Прогнозы постбольшевистского устройства России в эмигрантской историографии (20–30-е гг. XX в.) - страница 26

стр.

Степун писал о «культурной значительности и политической немощи» русской эмиграции. Высокий культурный и духовный уровень эмиграции, оставивший глубокий след в европейских странах ее проживания, по мнению Степуна, контрастировал с ее «неуспехом» в «сфере… общественно-политической борьбы за Россию». «Все попытки вооруженной борьбы с большевиками обанкротились. Все мечты по созданию общеэмигрантского представительства подъяремной России в Европе – разлетелись. Влияние научных работ эмиграции по изучению Советской России минимально»[79]. Самым прискорбным в этом Степун считал то, что старое поколение эмигрантов не сумело передать детям «своего антибольшевистского пафоса».
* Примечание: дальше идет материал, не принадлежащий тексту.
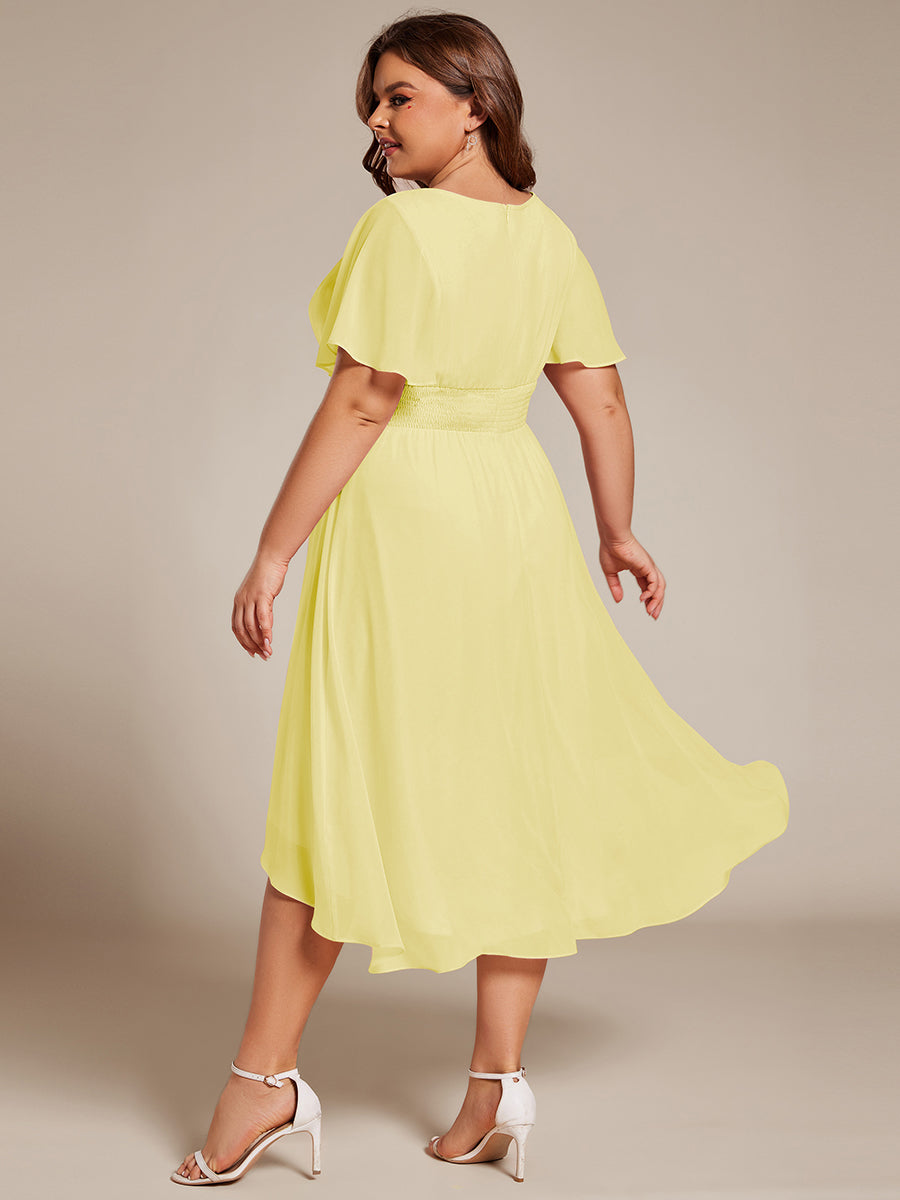 Flowy Chiffon Round Neckline A-Line Knee Length Wedding Guest Dress #color_Yellow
Он пристально следил за полемикой Струве и Милюкова по вопросу о роли и поведении эмиграции в противобольшевистской борьбе, отражавшейся в газетах Струве «Возрождение», «Россия и славянство», «Россия» и в печатном органе Милюкова «Последние новости». Струве призывал поколения эмигрантов разных политических взглядов объединить усилия. Милюков считал возможным объединяться только на основе демократических убеждений. Из этого Струве делал вывод, что, отказываясь от присоединения к единому антибольшевистскому фронту, Милюков отрекается от активной борьбы с советской властью и тем самым невольно становится на сторону врагов России. В этой полемике, имеющей жизненно важный и для эмиграции, и для России смысл, Степун занял по существу позицию Милюкова. Вместе с тем его суждения на эту тему отличает определенная политическая зрелость и присущая ему самостоятельность мышления.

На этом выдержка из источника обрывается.